Thursday 6 September 2018

Sandy Heath Transmissions


We made our way along a road/track that initially appeared to be a long driveway linking a series of detached houses, before it turned and snaked up into some woods. There was a car park adjacent to the Heath so we parked up. As we did so a couple of other cars appeared, the sinister black sort that always have their lights on in the daytime. For a split second I thought we had turned up at the rendezvous point for some sort of pre-arranged dodgy deal or violent interaction between shady characters. Or only marginally less worrying, a dogging hotspot.

Although the cars turned out to contain nothing more dangerous than middle aged dog walkers, the uneasy feeling I had developed stayed with me as we walked out of the trees and onto the heath. I'd imagined the place would be deserted and have a calm surreal atmosphere. It did although the calm was an ominous one, that produced a feeling of being slightly on edge. An anti-calm.


Almost immediately we found ourselves underneath one of the immense wires that hold the transmitter in place like giant guy ropes. From the main road the transmitter didn't look particularly big, but in close proximity it was gargantuan in height, if not girth, such that it brought on a sort of inverse vertigo. I felt slightly dizzy with  a sort of unpleasant tingling feeling spreading from my stomach up to my face and down my arms each time I looked up at it. This added to the already sinister atmosphere, as dark grey clouds welled up behind the mast , as if summoned by it . I was at the same time repelled but facinated by it. My partner expressed similar feelings of revulsion.

Psychogeography Sandy Heath

We edged slightly closer to the transmitter and it's base as we began our circumnavigation, and within a certain radius could feel/hear a low level and persistent hum. We made our way around through the vegetation on the heath. The brambles in particular had a sort of ominous quality, the leaves holey and withered, as if they had somehow been affected by the strange energy that the transmitter seemed to impose on the Heath.


The base contained an additional collection of random looking ariels and dishes, around the single storey flat roofed building. It resembled the sort of low budget British TV setting that might hold the final chance for humanity, as a Quatermass type figure fiddles with the controls, in a desperate bid to fend off whatever malevolent force threatens to wipe out humanity. Or the base of a sinister enemy, lying low before unleashing devastating force from the mast.

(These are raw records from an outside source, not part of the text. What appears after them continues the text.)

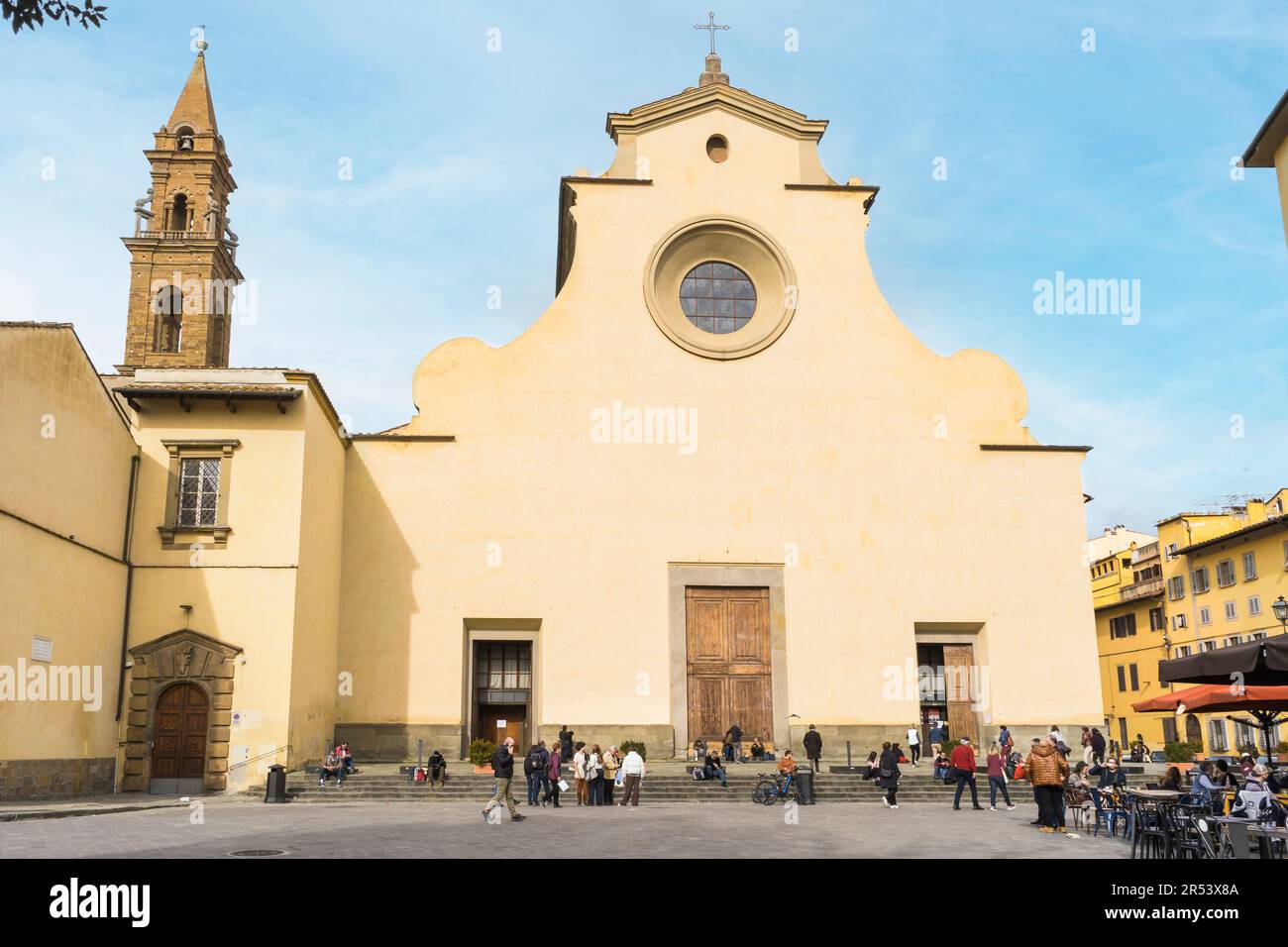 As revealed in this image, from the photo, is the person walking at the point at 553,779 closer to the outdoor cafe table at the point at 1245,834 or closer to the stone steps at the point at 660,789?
the stone steps at the point at 660,789

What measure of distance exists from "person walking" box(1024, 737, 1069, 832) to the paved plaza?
315mm

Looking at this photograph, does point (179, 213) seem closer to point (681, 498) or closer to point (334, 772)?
point (681, 498)

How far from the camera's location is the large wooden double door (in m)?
26.8

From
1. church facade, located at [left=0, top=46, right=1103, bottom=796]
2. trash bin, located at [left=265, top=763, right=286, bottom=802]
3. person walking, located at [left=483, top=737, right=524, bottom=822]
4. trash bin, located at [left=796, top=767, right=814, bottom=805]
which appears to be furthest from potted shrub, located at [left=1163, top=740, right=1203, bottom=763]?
trash bin, located at [left=265, top=763, right=286, bottom=802]

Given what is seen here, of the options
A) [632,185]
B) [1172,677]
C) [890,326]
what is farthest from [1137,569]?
[1172,677]

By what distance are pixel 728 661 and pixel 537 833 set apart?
41.0 ft

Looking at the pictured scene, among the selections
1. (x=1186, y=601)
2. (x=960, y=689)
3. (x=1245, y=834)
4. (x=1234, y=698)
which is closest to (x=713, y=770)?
(x=960, y=689)

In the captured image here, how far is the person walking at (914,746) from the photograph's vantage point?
25.8m

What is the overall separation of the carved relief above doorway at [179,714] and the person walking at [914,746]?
608 inches

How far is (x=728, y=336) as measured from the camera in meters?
29.0

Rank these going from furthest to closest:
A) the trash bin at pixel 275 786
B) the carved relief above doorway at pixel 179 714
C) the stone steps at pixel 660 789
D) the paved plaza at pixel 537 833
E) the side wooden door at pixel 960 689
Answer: the side wooden door at pixel 960 689, the carved relief above doorway at pixel 179 714, the stone steps at pixel 660 789, the trash bin at pixel 275 786, the paved plaza at pixel 537 833

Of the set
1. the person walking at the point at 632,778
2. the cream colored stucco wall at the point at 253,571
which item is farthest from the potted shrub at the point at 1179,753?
the cream colored stucco wall at the point at 253,571
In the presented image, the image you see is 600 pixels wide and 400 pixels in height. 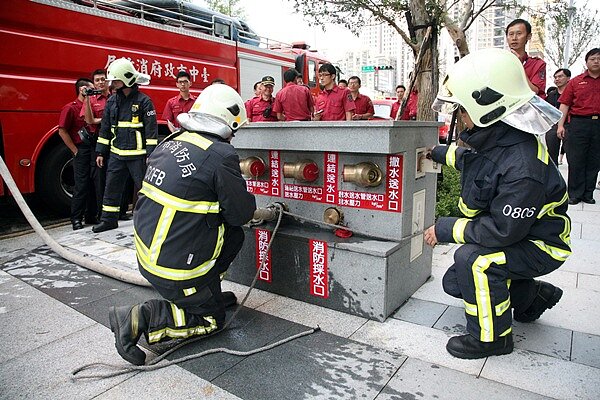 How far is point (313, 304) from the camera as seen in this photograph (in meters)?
3.07

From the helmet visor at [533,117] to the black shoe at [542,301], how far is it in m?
1.02

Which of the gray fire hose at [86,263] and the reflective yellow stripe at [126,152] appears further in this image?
the reflective yellow stripe at [126,152]

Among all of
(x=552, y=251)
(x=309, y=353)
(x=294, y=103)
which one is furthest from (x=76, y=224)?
(x=552, y=251)

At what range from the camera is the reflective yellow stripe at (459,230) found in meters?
2.32

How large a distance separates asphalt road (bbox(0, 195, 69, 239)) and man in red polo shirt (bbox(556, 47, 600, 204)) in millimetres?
6607

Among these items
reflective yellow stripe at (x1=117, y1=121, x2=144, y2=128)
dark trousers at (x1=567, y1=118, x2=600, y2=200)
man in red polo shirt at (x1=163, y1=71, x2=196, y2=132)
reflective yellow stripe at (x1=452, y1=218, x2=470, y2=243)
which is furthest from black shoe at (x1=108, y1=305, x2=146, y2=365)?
dark trousers at (x1=567, y1=118, x2=600, y2=200)

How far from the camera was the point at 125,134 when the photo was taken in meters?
4.89

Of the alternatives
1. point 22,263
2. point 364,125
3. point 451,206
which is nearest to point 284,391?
point 364,125

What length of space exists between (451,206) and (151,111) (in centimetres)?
365

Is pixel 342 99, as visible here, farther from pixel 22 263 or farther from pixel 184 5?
pixel 22 263

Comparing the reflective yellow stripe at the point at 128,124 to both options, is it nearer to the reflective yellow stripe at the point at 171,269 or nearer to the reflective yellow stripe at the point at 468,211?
the reflective yellow stripe at the point at 171,269

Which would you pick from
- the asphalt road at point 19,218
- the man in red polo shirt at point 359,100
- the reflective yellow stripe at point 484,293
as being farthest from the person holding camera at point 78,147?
the man in red polo shirt at point 359,100

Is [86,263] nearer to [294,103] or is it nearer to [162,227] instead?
[162,227]

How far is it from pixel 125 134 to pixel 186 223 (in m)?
2.96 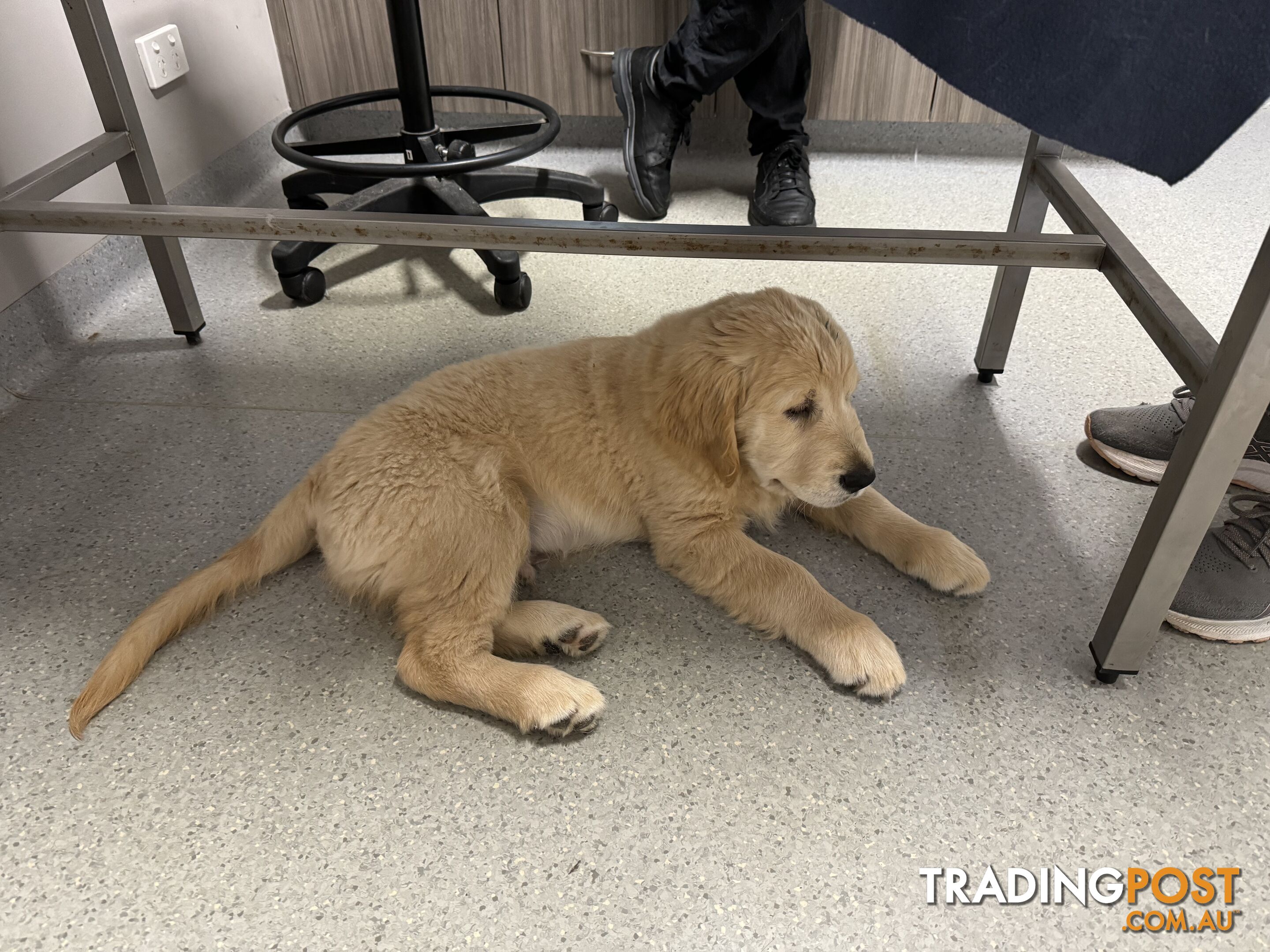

It was easy to forget that this is the epicentre of television and radio broadcasting in East Anglia. Or more accurately the Western half of East Anglia, which I'm told frequently by the presenters of Look East and Anglia News is 'your part of the Region'. The trades test transmissions I remembered seeing as a child, usually with an image of the transmitter accompanied by light music, had not prepared me for the the reality, as bizarre and sinister as they had been. While there, I didn't have flashbacks to Sale of the Century, About Anglia or Programmes for Schools and Colleges, which are things I'd usually associated with it. Instead there was a sort of nothing, as if the broadcasts were beamed beyond its immediate vicinity leaving a sterile void around it on the Heath.

I'd seen a clip on YouTube of the day before the analogue signal was turned off, and West Anglia went fully digital. The presenter was allowed into the building under the transmitter where the equipment did indeed have a British TV science fiction quality about it. He got to pretend to operate the switch that would turn off analogue at midnight while talking to the excitable engineer who would actually be doing it, and evidently spent considerable amounts of time in the compound. The engineer had the slightly unsettling and derranged air of someone who was about to launch an untested and dangerous manned space flight, rather than boost the digital signal so more people could receive multiple shopping channels on Freeview TV, in addition to the 5 channels already adequately provided by the disappearing analogue signal.

We turned our back on the transmitter, and headed away from it slightly to the edge of the Heath. We reached the fence around the sandstone quarry. The atmosphere here was similar. The floor of the quarry looked like a version of Mars with a grey sky. The warning sign was accompanied by a malevolent looking black bag, as if indicating extra danger lurked nearby.


As we neared the end of of our semi-circular navigation, we could see in the distance the single wind turbine at the RSPB reserve, beyond the Heath separated by the main road. This structure lined up with the transmitter and was parallel to a row of pylons that crossed the reserve. I always thought people who objected to wind turbines cited the danger to birds as one of the reasons not to build them. That the RSPB should have one on their own reserve shows that either I've got this wrong or that the nimbies are hopelessly off the mark. They also cite the ugliness of the structures, but I think they have a sort of liminal beauty. I'd be more sympathetic if they were objecting to having the Sandy Heath Transmitter built behind their backyards. Who knows what the long term effect of the low level hum and the absorbtion of concentrated regional and local TV broadcasts might be on their children?


We left the Heath, through a path in the woods littered with used energy drink cans, fag packets, dogshit bags and a couple of used sanitary towells. Even a few hours later I still felt drained and off kilter. Possibly due to a dodgy bar of stale chocolate I'd had at the bird reserve, but I put it down to the energy draining properties of the transmitter. More powerful up close than when absorbed in diluted form via the beam of the television during Look East.